Thanks, I haven't heard of it before. I wonder if it's possible to use OrbitDB to download a file from IPFS though? Based on it's CID, I mean, because that was my intention with Helia. I thought that one of the nice thing about reading books is that it takes time, and if users could be seeding their files from IndexedDB to the network, they could automatically and effortlessly become "contributing citizens".
Another interesting use case would be to see if this can replace (or be an addition to) SQLite as the database in which the queries are ran.
The Pear P2P framework might be worth a look if you want to get off of GitHub and turn it into a truly distributed system. If the index must be on GitHub then what good is it to have the files on IPFS?

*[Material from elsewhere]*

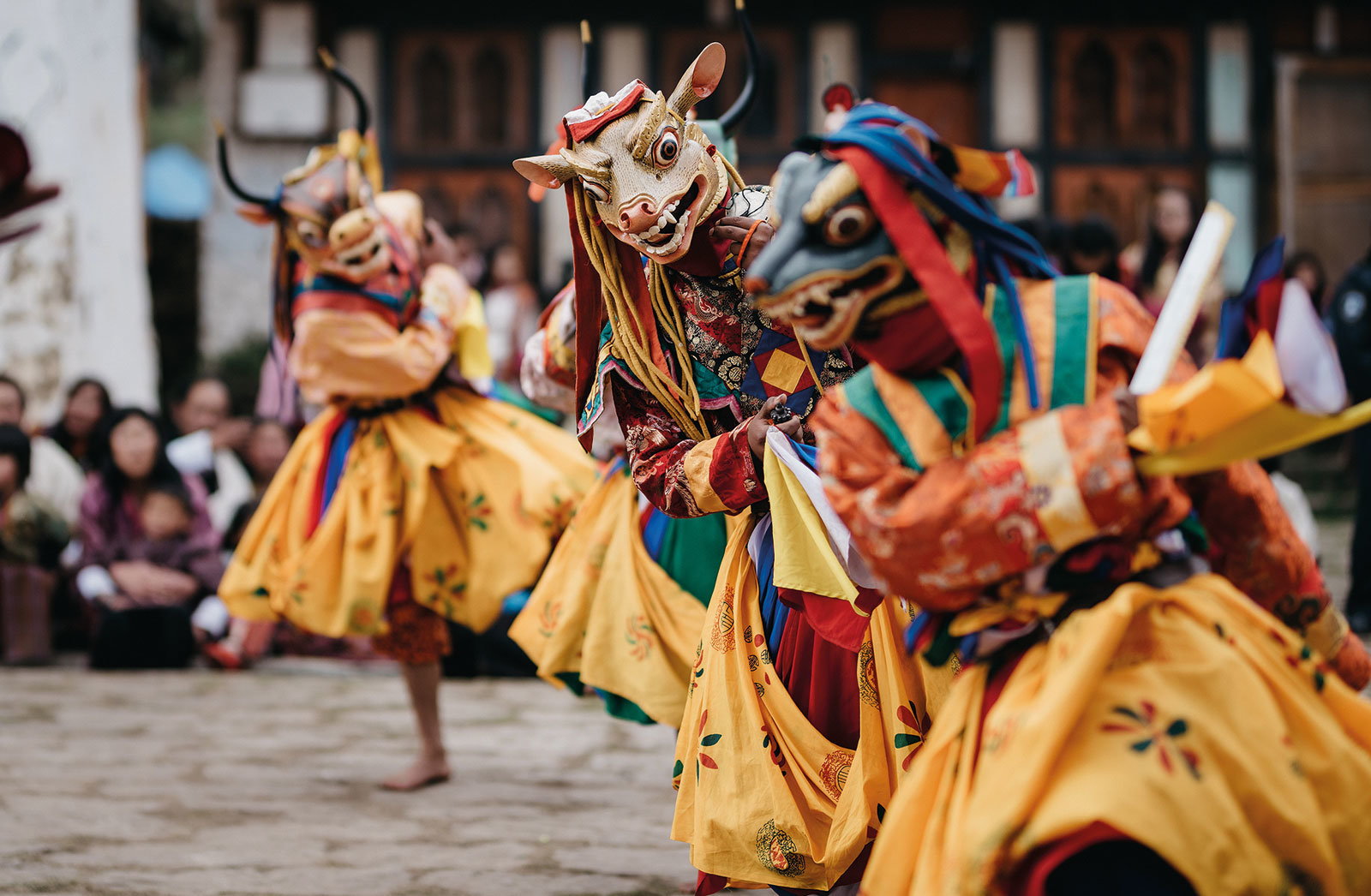 Dance of the Lord of Death and his consort Gasa Tshechu Gasa Bhutan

That's a fair point - I guess it could be abused. Databases are sorted by their number of GitHub stars, so I was hoping that with the power of the crowds it will be possible to minimize the bad effect such actor might have, by simply not voting them up.
there's been several attacks recently where a bad actor takes over a repo where the original maintainer wants to take a step back, then launch a supply chain attack. in recent cases, the attack came from obfuscated binary files in the repo rather than code. given we are dealing with documents here (books) that would be easy to hide malicious code in a file. pdfs have all sorts of execution vulnerabilities for example
Interesting - I'm kinda counting on PDF.js, which is used for PDF rendering, on doing it safely, but of course that doesn't always have to be the case. Do you have any thoughts on how to make this safer?

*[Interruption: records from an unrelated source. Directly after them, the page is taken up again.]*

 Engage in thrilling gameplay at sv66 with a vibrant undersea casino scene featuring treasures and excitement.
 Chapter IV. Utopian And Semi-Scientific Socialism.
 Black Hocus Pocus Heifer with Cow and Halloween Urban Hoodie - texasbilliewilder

"Everything is done in the browser - no users, no cookies, no tracking. LocalStorage and IndexedDB are used for saving your last readings, your position in each file."

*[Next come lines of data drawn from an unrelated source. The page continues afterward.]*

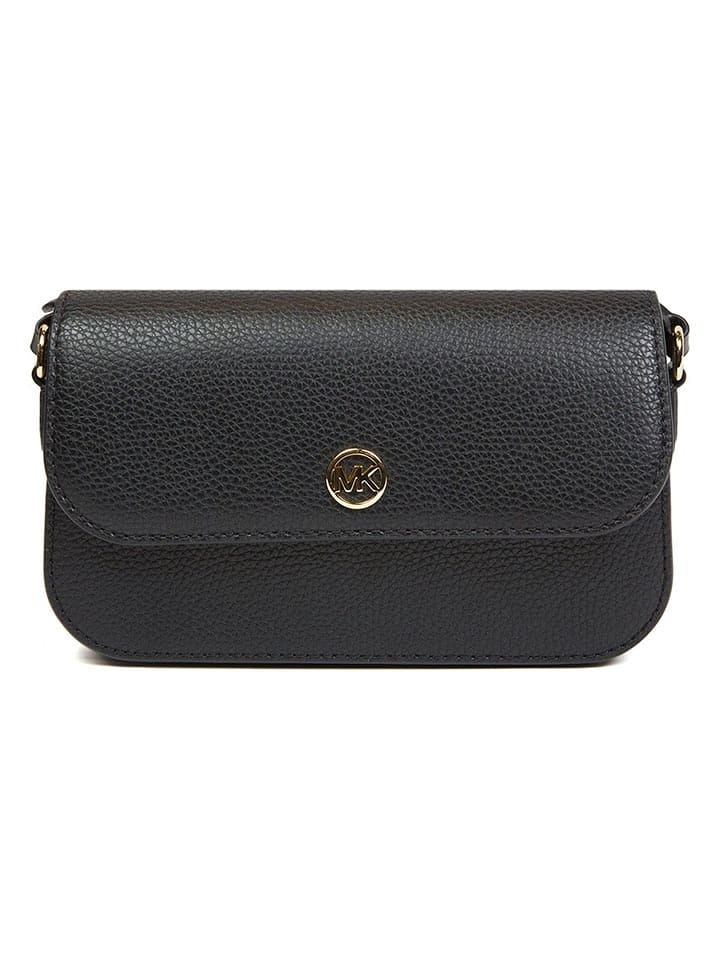 Michael Kors Skórzana torebka w kolorze czarnym - 21 x 14 x 4,5 cm rozmiar: onesize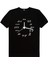 Saat Kaç Siyah Kısa Kollu Kadın T-Shirt 2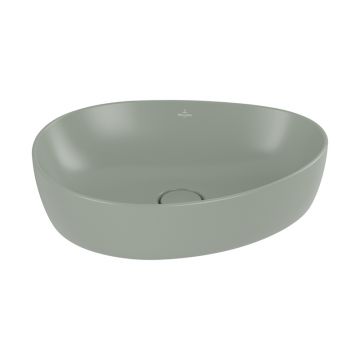 Lavoar pe blat, Villeroy  Boch, Antao 51 cm, oval, verde mat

Libgen is one of the databases that are currently available (and was probably a good fit because they already had their files on IPFS), but I think that this architecture, in which the UI is decoupled from the database, the database doesn't hold any copyrighted materials, and the files are downloaded from IPFS, is quite resilient and could be used for serving all sorts of content.
There may need to be a different Builder or an extension of sphinxcontrib.serializinghtml.JSONHTMLBuilder which serializes a doctree (basically a DOM document object model) to the output representation: https://www.sphinx-doc.org/en/master/usage/builders/#sphinxc...
datasette and datasette-lite can load CSV, JSON, Parquet, and SQLite databases; supports Full-Text Search; and supports search Faceting. datasette-lite is a WASM build of datasette with the pyodide python distribution.
jupyter-lite is a WASM build of jupyter which also supports sqlite in notebooks in the browser with `import sqlite3` with the python kernel and also with a sqlite kernel: https://jupyter.org/try-jupyter/lab/
> Do static sites built with sphinx-build or jupyter-book or hugo or other jamstack static site generators work with TeaTime?
I guess it depends on what you mean by "work with TeaTime". TeaTime itself is a static site, generated using Nuxt. Nothing that it does cannot be achieved with another stack - at the end it's just HTML, CSS and JS. I haven't tried sphinx-build or jupyter-book, but there isn't a technical reason why Hugo wouldn't be able to build a TeaTime like website, using the same databases.
I haven't seen datasette before. What are the biggest benefits you think it has over sql.js-httpvfs (which I'm using now)? Is it about the ability to also use other formats, in addition to SQLite? I got the impression that sql.js-httpvfs was a bit more of a POC, and later some possibly better solutions came out, but I haven't really went that rabbit hole to figure out which one would be best.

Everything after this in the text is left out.